The phone rang. I excused myself and picked it up. Kenny Thibodeau. “A little news for you. The afternoon Neville and Leeds were shot to death, Rob Anderson asked Ned Flannery to make him up a good-sized ‘tar baby’ with a rope around his neck.” Flannery was a local artisan. “Ned wouldn’t do it, of course. Anderson offered him a hundred bucks.”

I saw Nancy glancing at her watch. She started to stand up. “Hang on a minute, Kenny.”

“I’d better go. I’m s’posed to meet my mom in a few minutes. I’m pretty much done, anyway.”

“Well, thanks for coming in. I really appreciate it.”

As she left, Kenny said, “Pretty sick, huh?”

“Very.”

“I wonder if he got somebody to do it for him.”

“I’ll ask him when I see him.”

“Man, I get all hepped up watchin’ TV and all the Freedom Riders and thinkin’ everybody will get behind all this, they’ll see what bullshit racism is. But it’s like bein’ stoned when you think like that — because when you come down again, nothin’s changed. People’re gettin’ tar babies made.”

“It’s hard to watch TV anymore. You want to put your fist through the screen.”

I heard Kenny strike a match and light a cigarette. “That was pretty cool last night. Those old mountain songs, huh? You still gotta hear this Bob Dylan guy. He’s as good as Woody Guthrie.”

I laughed. “You’ll guarantee that?”

I went over and locked the door. Jamie wouldn’t be back for another fifteen minutes.

The wall safe was behind a framed reproduction of an Edward Hopper painting. I pulled the frame back on its hinges and went to work on the safe. It was good-sized. When I got it open, I pulled out the manila envelopes with the blackmail negatives. Four envelopes.

I set them on my desk, grabbed the phone book, and went to work. I had sealed them all with extra-heavy tape. I hadn’t looked inside. It wasn’t that I was such a moral person. I just didn’t want to know what the negatives would tell me. Because once I knew, it would change my attitude, however subtly, toward the people in the pictures. And two of them, excluding the senator, I considered myself at least casual friends with.

I called each name on the envelopes and said that I’d come into possession of something that Richie Neville had inadvertently left in my office. I wondered if they’d like to stop by and pick it up between five and seven tonight.
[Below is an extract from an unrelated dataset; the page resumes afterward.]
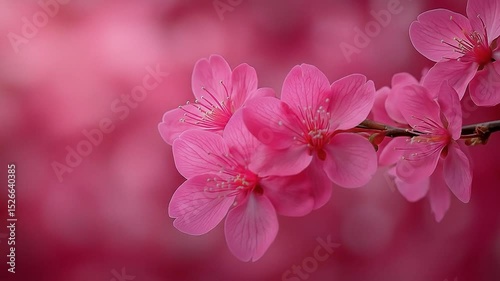 Petal Symphony: A captivating close-up reveals a delicate floral branch adorned with vibrant pink blossoms, their gentle forms highlighted against a soft, blurred backdrop of blooming flowers.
I gave them each specific times to be here. They all agreed to appear.

Most important, I said that I hadn’t had time to look at the contents and that there’d be no charge. They all sounded relieved. One woman started crying and saying thank you so often, she sounded like the lucky contestant on a quiz show.

The flower shop was nearby. I decided to see if Lucy was working.
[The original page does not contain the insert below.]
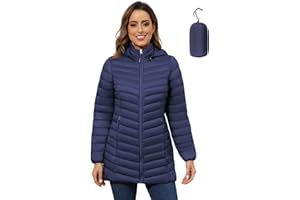 ROYAL MATRIX Women's Packable Puffer Jacket - Lightweight Winter Warm Long Quilted Puffer Coat with Detachable Hood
Karen porter said, “I still think you should have a nice fresh flower for your lapel. I hear judges are impressed by things like that.”
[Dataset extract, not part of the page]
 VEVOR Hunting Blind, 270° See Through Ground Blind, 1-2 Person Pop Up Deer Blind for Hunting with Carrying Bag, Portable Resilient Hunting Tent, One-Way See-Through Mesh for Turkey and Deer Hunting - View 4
She was always fun to clown with. “Not any judges I know on this planet.”

The small shop was filled as always with the sights and scents of dozens of flowers, arrangements, and potted plants. A pair of women in straw hats were dawdling over carnations while the little boy with them looked as if he’d suddenly found himself in hell.

Karen, in her usual crisp white button-down shirt, long blue apron, and chignon, still looked as if she should be in a fancy wine ad in The New Yorker. New England, modest wealth, intelligence, quiet beauty.

“You lucked out, Sam. Ellen’s off running errands.”

“Am I going to get you in trouble if I go in the back and talk to Lucy?”

“Not if you happened to have snuck in the back door and I didn’t happen to see it.” She frowned. “I don’t know why Ellen has to see you as the enemy.”

To me the reason was obvious. Ellen was afraid that Lucy might have killed David Leeds and Richie Neville. Lucy had said herself that David had wanted to break it off. I represented a threat to Ellen and her daughter.

“I appreciate it, Karen.”

“Just don’t get me involved. That lady has got a temper.”

“I don’t think you’re supposed to be here, Mr. McCain.”

Lucy, in jeans and a black Hawkeye T-shirt, was using a spritzer to water rows of plants.

“I just wanted to see how you were doing.”

“How do you think I’m doing? That’s sort of a stupid question, isn’t it?”

“Now that you mention it, it is. I apologize.”

“It’s like those stupid reporters asking parents how they feel when something’s happened to one of their kids. ‘How do you feel?’ That really pisses me off, being that insensitive.”